- RAW DATA
######

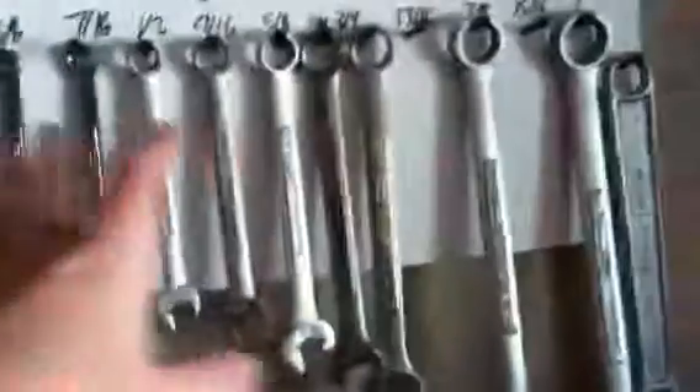I wrote all the sizes at the top so I know which wrench goes where. I like this better than the rack thing I had before where you never put them back. I also have a drawer with all my metric wrenches — the double-ended ones — but I don't really use metric. I use standard, or metric sockets when needed. That's all my wrenches — I made this for free, and you could probably make it for under ten bucks if you bought everything. See you guys later.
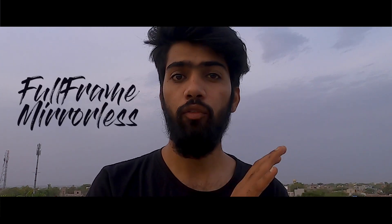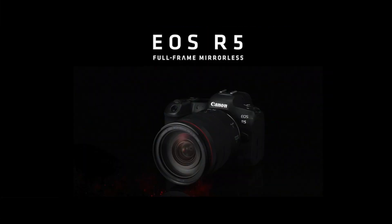Canon has currently announced its full frame mirrorless, that is the EOS R5. So how is this camera? I just went through the site and the description — it's quite impressive, seriously.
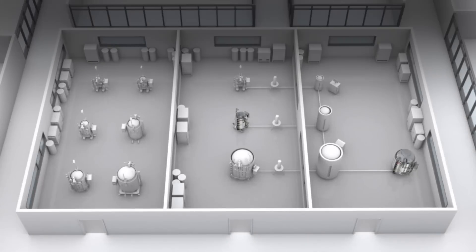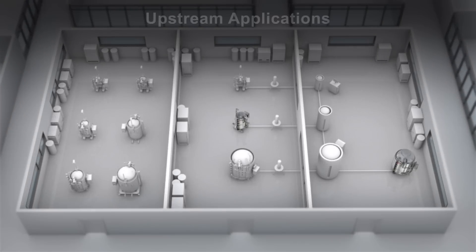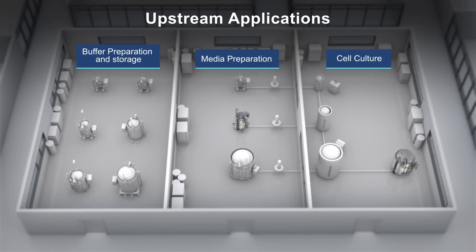The next-generation Thermo Scientific Hyperforma SUM is ideal for liquid-to-liquid and powder-to-liquid mixing in critical upstream workflow applications, including buffer preparation and storage, media preparation, and harvest vessels.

######

- YOUR ASSIGNMENT
Return all of the lines above without alteration, minus the pictures.

- RESULT OF THE EXERCISE
I wrote all the sizes at the top so I know which wrench goes where. I like this better than the rack thing I had before where you never put them back. I also have a drawer with all my metric wrenches — the double-ended ones — but I don't really use metric. I use standard, or metric sockets when needed. That's all my wrenches — I made this for free, and you could probably make it for under ten bucks if you bought everything. See you guys later.
Canon has currently announced its full frame mirrorless, that is the EOS R5. So how is this camera? I just went through the site and the description — it's quite impressive, seriously.
The next-generation Thermo Scientific Hyperforma SUM is ideal for liquid-to-liquid and powder-to-liquid mixing in critical upstream workflow applications, including buffer preparation and storage, media preparation, and harvest vessels.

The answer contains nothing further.